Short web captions

____

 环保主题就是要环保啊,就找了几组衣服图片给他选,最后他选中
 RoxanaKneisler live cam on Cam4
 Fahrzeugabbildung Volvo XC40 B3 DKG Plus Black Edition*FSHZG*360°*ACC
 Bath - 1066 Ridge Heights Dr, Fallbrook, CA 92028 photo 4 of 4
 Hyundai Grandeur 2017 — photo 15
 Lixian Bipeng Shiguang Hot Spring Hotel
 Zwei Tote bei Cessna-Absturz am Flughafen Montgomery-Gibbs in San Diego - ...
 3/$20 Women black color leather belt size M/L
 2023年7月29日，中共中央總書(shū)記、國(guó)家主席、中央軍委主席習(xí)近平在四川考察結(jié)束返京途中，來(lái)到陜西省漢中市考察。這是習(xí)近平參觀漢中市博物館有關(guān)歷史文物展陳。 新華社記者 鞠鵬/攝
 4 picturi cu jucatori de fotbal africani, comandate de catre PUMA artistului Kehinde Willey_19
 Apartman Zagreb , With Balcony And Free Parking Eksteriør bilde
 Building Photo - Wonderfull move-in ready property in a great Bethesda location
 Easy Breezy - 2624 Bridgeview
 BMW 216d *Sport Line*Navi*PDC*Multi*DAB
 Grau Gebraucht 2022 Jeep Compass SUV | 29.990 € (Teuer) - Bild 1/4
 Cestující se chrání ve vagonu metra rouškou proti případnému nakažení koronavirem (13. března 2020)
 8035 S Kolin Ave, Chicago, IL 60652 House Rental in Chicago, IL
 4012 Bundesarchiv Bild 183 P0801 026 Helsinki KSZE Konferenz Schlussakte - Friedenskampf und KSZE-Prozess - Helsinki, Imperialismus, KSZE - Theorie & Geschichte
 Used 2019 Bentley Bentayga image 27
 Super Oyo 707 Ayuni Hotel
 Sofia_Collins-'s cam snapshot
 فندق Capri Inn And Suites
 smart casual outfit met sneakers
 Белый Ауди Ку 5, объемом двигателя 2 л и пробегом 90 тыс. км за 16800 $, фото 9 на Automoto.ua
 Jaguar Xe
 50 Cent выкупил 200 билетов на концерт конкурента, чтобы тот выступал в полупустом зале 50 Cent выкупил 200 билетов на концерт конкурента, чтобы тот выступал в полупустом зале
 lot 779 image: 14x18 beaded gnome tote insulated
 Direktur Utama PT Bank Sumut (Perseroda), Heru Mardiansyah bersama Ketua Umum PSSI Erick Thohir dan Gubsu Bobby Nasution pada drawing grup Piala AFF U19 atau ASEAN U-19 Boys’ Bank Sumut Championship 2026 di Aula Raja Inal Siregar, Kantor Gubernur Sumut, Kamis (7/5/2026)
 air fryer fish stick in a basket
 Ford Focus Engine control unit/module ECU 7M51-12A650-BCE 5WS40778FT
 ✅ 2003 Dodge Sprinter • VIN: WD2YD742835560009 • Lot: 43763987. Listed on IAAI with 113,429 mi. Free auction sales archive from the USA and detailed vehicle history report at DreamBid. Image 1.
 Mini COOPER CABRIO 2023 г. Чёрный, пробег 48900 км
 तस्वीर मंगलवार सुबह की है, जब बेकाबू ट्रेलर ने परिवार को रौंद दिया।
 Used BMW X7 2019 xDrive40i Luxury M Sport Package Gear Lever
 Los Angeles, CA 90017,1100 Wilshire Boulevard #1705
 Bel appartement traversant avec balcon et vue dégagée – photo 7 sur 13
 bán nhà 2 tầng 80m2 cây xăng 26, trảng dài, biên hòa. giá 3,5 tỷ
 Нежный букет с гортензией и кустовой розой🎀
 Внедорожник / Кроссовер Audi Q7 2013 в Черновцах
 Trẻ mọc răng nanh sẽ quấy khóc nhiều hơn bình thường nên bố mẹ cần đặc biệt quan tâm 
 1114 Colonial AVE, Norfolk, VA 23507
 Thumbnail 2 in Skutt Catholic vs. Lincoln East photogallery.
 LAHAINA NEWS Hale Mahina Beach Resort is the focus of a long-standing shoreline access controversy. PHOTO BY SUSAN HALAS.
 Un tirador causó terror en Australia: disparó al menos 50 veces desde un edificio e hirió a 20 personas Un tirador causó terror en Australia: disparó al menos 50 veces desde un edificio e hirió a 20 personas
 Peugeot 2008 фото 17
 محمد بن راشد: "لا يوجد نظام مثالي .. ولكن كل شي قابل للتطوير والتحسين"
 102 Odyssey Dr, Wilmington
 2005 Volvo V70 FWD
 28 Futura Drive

____

» **What you have to do**
Write out exactly the lines above between the line with "Fahrzeugabbildung Volvo XC40" and the line with "Zwei Tote bei", inclusive, and nothing beyond them.

» **Result of the task**
 Fahrzeugabbildung Volvo XC40 B3 DKG Plus Black Edition*FSHZG*360°*ACC
 Bath - 1066 Ridge Heights Dr, Fallbrook, CA 92028 photo 4 of 4
 Hyundai Grandeur 2017 — photo 15
 Lixian Bipeng Shiguang Hot Spring Hotel
 Zwei Tote bei Cessna-Absturz am Flughafen Montgomery-Gibbs in San Diego - ...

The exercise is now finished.